Intent-Code Divergence

Low

Confidence: 84% confidence
Finding: The documentation says the dependencies only include cryptography and psutil, while the declared package list also includes requests and the skill performs network fetch/upload behavior. Understating dependencies can mislead operators about network-capable components being installed and used, which weakens informed consent and security review. In this skill's context, that matters because it fetches remote question sets and may upload benchmark data by default.

Context-Inappropriate Capability

Medium

Confidence: 96% confidence
Finding: The skill can delete and recreate OpenClaw agents automatically when it decides the workspace is stale or unknown. In a benchmarking context, this mutates persistent user configuration and can destroy prior agent setup, creating integrity and availability risk if triggered on the wrong agent ID or with attacker-influenced parameters.

Context-Inappropriate Capability

Medium

Confidence: 97% confidence
Finding: The cleanup functions delete stored session transcripts and session indexes from the user's ~/.openclaw state.
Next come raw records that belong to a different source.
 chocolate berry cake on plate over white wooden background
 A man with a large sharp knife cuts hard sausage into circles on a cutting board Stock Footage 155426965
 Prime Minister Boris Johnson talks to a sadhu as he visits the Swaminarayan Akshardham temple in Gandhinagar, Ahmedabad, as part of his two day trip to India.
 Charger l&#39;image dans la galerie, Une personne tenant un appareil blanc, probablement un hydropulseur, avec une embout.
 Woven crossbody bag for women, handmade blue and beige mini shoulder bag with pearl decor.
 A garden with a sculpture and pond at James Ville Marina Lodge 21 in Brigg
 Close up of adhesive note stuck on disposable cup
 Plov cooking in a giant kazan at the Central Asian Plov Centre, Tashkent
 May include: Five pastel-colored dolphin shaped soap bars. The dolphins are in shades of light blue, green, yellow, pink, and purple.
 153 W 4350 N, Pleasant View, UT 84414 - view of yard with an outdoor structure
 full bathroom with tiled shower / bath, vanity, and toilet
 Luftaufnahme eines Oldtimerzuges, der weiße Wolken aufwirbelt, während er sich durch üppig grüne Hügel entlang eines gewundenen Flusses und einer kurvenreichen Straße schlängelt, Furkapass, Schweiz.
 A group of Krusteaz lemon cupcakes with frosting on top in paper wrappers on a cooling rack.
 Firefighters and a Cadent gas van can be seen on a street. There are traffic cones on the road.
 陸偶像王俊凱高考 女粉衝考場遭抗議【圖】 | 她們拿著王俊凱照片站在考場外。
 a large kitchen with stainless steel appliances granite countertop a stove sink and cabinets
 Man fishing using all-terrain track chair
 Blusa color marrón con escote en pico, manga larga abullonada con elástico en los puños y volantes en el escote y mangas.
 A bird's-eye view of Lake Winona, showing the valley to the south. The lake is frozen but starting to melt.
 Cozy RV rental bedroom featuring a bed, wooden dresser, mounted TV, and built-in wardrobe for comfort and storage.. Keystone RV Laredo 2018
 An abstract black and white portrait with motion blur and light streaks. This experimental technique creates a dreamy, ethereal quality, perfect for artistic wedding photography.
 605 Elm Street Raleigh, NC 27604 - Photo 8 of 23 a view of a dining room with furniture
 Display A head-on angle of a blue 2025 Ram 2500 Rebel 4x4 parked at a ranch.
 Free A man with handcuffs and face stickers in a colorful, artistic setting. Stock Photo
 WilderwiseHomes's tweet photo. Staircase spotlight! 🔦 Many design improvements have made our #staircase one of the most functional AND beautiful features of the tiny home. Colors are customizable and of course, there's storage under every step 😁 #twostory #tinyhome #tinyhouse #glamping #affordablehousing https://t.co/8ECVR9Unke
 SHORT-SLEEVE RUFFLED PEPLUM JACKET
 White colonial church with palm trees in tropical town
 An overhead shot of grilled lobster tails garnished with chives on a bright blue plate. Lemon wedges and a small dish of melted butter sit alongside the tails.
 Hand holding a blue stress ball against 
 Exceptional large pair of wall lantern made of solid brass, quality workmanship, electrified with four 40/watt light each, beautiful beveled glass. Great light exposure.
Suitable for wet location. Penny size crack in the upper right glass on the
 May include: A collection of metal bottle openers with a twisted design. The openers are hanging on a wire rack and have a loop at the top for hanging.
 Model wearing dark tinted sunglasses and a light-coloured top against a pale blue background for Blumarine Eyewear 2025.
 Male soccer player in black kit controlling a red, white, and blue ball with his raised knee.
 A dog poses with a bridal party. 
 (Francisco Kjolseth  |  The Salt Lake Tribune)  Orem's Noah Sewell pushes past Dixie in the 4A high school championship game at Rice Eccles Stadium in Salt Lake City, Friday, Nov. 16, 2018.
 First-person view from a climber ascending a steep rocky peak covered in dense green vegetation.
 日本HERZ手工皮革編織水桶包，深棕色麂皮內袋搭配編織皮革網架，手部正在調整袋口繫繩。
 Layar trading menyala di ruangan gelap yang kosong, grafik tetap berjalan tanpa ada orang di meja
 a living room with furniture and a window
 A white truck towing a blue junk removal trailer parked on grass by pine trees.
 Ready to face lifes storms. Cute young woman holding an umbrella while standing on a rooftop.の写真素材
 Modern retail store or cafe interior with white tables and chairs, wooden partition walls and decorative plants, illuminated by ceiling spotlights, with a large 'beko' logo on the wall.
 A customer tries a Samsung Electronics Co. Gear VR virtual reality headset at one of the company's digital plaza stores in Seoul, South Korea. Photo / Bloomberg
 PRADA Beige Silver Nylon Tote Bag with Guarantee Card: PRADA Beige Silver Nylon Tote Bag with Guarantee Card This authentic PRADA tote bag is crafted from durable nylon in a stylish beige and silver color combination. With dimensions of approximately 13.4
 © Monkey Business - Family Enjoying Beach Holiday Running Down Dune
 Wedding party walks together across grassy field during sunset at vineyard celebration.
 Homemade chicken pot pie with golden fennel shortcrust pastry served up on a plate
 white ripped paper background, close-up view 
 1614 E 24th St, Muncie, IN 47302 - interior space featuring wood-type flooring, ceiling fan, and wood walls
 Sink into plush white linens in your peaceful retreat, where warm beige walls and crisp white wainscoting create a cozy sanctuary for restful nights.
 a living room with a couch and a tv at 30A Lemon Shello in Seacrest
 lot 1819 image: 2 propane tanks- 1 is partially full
In a benchmark tool this is risky because transcripts may contain audit history, debugging evidence, or valuable usage records, and the deletion is broad enough to cause data loss if invoked on the wrong agent or prefix.

Context-Inappropriate Capability

Medium

Confidence: 92% confidence
Finding: The code reads channel/target metadata from caller-controlled state and uses it to send outbound messages via the OpenClaw CLI. That enables the benchmarking skill to contact arbitrary recipients or external channels, which exceeds pure local scoring behavior and can be abused for spam, unsolicited contact, or exfiltration of benchmark results/status to attacker-chosen destinations.

Description-Behavior Mismatch

High

Confidence: 98% confidence
Finding: The script logs the OpenClaw session ID, session key, channel, and target directly to the logger. Session keys and related identifiers are sensitive authentication or routing material; exposing them in logs can enable session hijacking, impersonation, or unauthorized access by anyone who can read the log file or generated artifacts.

Description-Behavior Mismatch

Medium

Confidence: 98% confidence
Finding: The skill deletes session transcript files and lock files and rewrites the OpenClaw session store, which goes beyond the advertised benchmarking/reporting purpose. Because this mutation runs automatically in the __main__ path, it can destroy user session history or interfere with other sessions without explicit consent, making the benchmark skill operationally dangerous.

Description-Behavior Mismatch

Medium

Confidence: 95% confidence
Finding: The code actively sends channel and agent messages into user sessions, including relayed prompts that instruct another agent how to respond. That behavior is not disclosed by the skill description and creates an unexpected cross-session side effect, which can spam users, leak benchmark activity into live conversations, or manipulate agent behavior outside the benchmark task itself.

Context-Inappropriate Capability

Medium

Confidence: 94% confidence
Finding: The skill reads the global OpenClaw session store and resolves delivery context such as channel and target from prior session metadata. For a benchmarking tool, this is unnecessary privilege expansion that enables inspection of unrelated session routing data and supports later cross-session messaging behavior.

Intent-Code Divergence

Low

Confidence: 90% confidence
Finding: The code claims progress must go to the current session, but if environment hints are absent it falls back to the most recently updated session. In a multi-user or multi-session environment, that can misroute benchmark notifications or final agent prompts into the wrong conversation, causing information leakage and unintended interaction with another user's session.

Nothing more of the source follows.